**Records to use**
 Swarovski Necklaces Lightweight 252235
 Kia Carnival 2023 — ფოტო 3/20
* * *
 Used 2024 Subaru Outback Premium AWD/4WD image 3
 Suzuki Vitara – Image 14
...
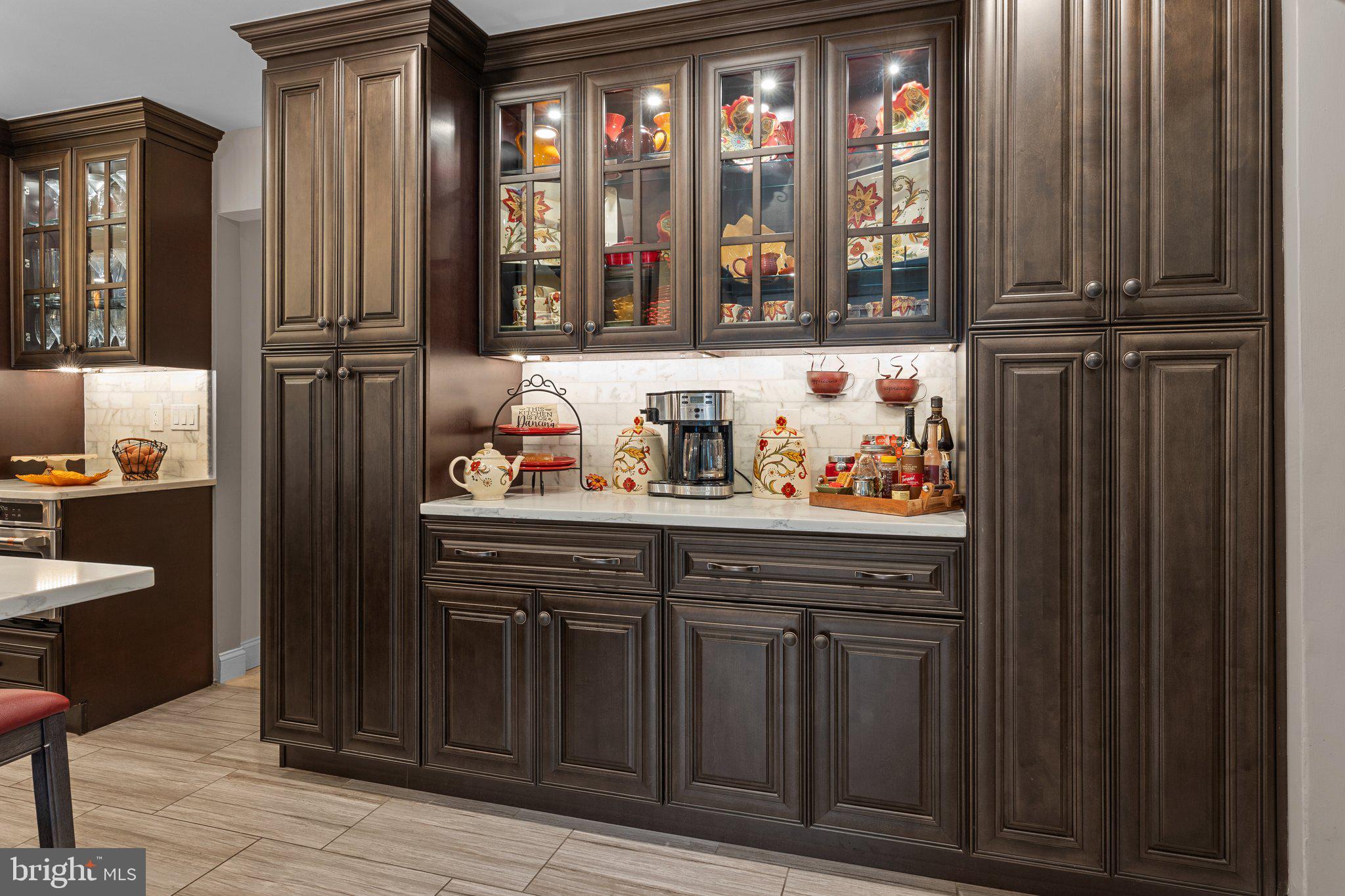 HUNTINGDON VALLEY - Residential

**Exercise objective**
Extract exactly and only the lines above from the line containing "Swarovski Necklaces Lightweight 252235" through the line containing "Kia Carnival 2023 — ფოტო 3/20", both end lines included.

**Answer below**
 Swarovski Necklaces Lightweight 252235
 Kia Carnival 2023 — ფოტო 3/20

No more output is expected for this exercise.